The tweeting thing was fine, making new Twitter friends who were long lost or never discovered fringe wino brethren that also succumbed to the unheard of Walla Walla AVA and Leonetti Cellars almost 20 years ago, when twittering was nothing more than the trembling hand shaking motions that occurred disgorging corks from old bottles of classic Bordeaux. I was glad to have followed Josh’s nudge, but to also have my in-person tasting group at the table to protect the human connection that lives somewhere near the center of my dedication to wine appreciation. But, there were lots of #WAMerlot folks that related to the joyous appreciation of our short vertical Leonetti tasting experience. Admittedly, it was difficult to keep up with the online tasters’ experiences with Washington Merlot with such a compelling lineup in the glassware stretched out in front of me.

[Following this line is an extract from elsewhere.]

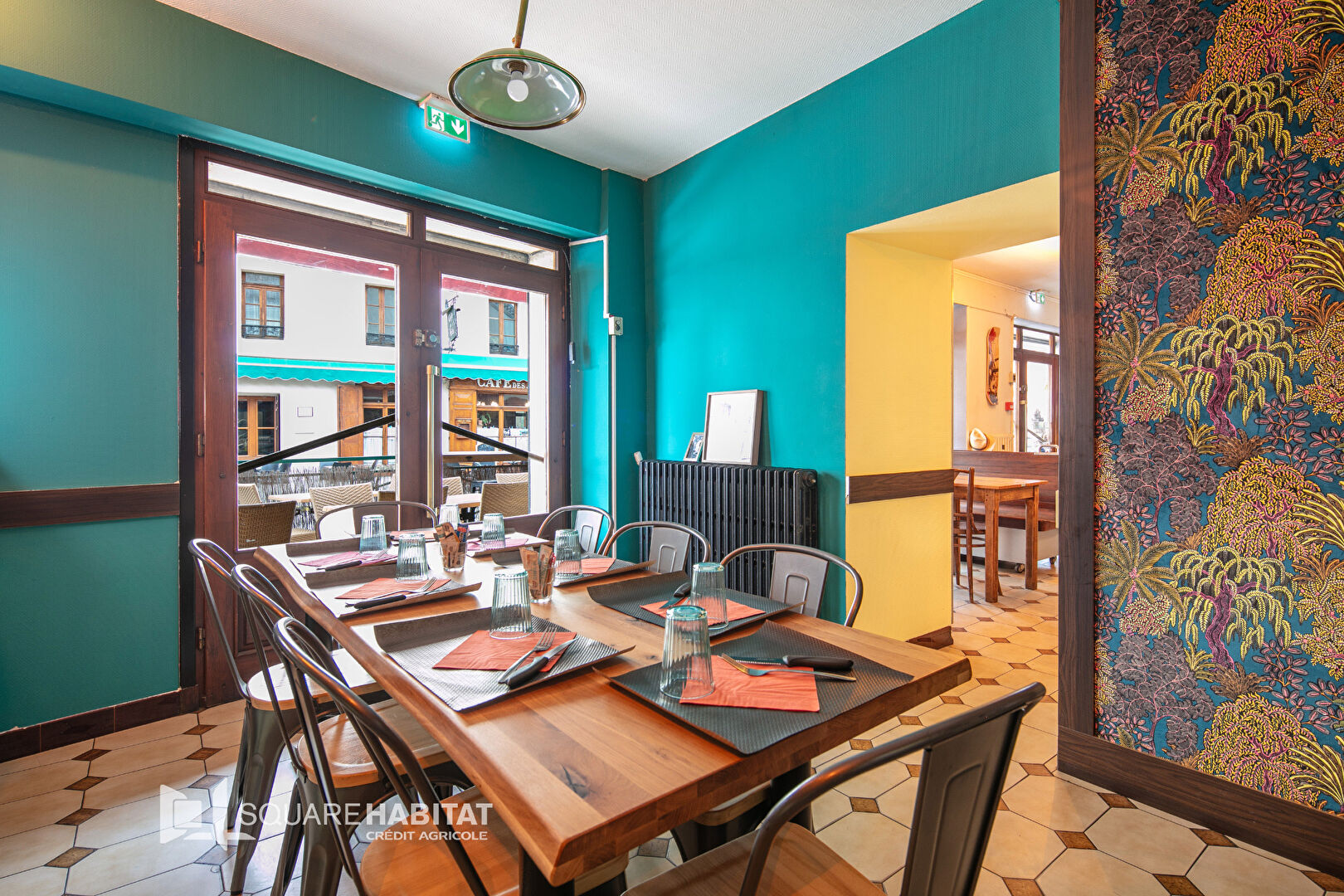 Au coeur du centre historique de Mens nous vous proposons ce pas de porte concernant ce restaurant bar, idéalement placé dans une rue commerçante, bénéficiant à la fois d'une clientèle locale fidélisée et  d'une clientèle touristique importante permettant d'enregistrer un bon chiffre d'affaire annuel. Possédant une belle terrasse sur le devant, une grande pièce à l'étage pouvant augmenter considérablement le nombre de couverts vous pourrez aussi profiter d'un appartement vous permettant de loger sur place, location des murs et appartement 2200€/mois. Nous pouvons aussi vous proposer le rachat des murs selon divers formules qui conviendrait à vos possibilités d'achat ( vente à terme envisageable).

We decanted the wine an hour before tasting. The general good news is, except for the 2002, all the wines were improving in the bottle. The 1998 is a mind blowing wine and in a separate league from the rest, a very special vintage in Walla Walla, and the year’s Leonetti Merlot has at least another decade or two of befitting bottle age ahead of it. It is a wine I would seek out at auction. The 1997 took an additional hour in the glass to really show what it was made of, and it is another classic but totally different wine than the 1998. The 92 and 93 provided the good rewards of bottle age, and showed attractive advanced flavoring and aromas, with the 1993 considerably better than the still interesting, but somewhat less lively, 1992. Both corks on these two older wines showed evidence of slight leakage, but neither wine suffered from flaws of oxidation or cork damage.

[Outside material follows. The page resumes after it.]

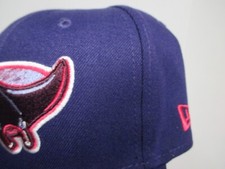 専用　CRIMSON DEVILS トラッカーキャップ バーガンディ 専用 CRIMSON DEVILS トラッカーキャップ バーガンディ 専用 CRIMSON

All of these wines have retained evidence of their signature youthful tell-tale profiles, but have advanced (again, except for the 2002) to places I once reserved in my mind for great old wines of Pomerol and Graves. We did notice that the wines of the early 90′s had 13% alcohol content and the more recent ones climbed to 13.6%. Each year the Leonetti Merlot includes some varied blended quantities of Cabernet Sauvignon, Cabernet Franc, and/or Petit Verdot while the younger vintages also include some Sangiovese (which the winery started offering as a bottled varietal sometime in the late 90′s) and Carmanere. I am curious what is driving the increased alcohol content in the later vintages.
Leonetti Cellars Merlot: My Tasting Notes:
- 1992-Slight cork leakage but firm pull from the bottle with noticeable pop, evidence of brown coloration on the edges, old cedary nose, dusty cocoa-cherry mixing with Schezuan peppercorn spice…a sweet and elegant wine with old Pomerol bones but just slightly beginning to dry out as it has achieved full maturity
- 1993- Cork leakage and less snug than the 92, aromas of dust, mushroom, sweet cherry fruit with a velvet mouthfeel, lovely long finish, advanced aromas and flavors from beginning to end. More fruit stuffing in evidence than the 1992. A classically developing old wine with time ahead of it.

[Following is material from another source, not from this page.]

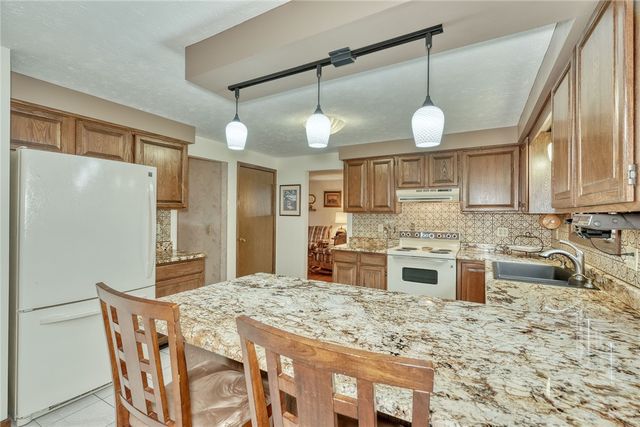 1443 Loughton Drive, Webster, NY 14580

- 1997: Deep purple in color, a nose of chocolate covered cherries, rich odors of Hong Kong harbor or an Asian spice market, and tobacco leaf, the wine took time in decanter and glass to open and show this amalgam of glorious perfume elements preceding its rich mouthfeel and extended delicious finish. It was the most exotic wine of the line up and one to cherish, but only after long periods of aeration.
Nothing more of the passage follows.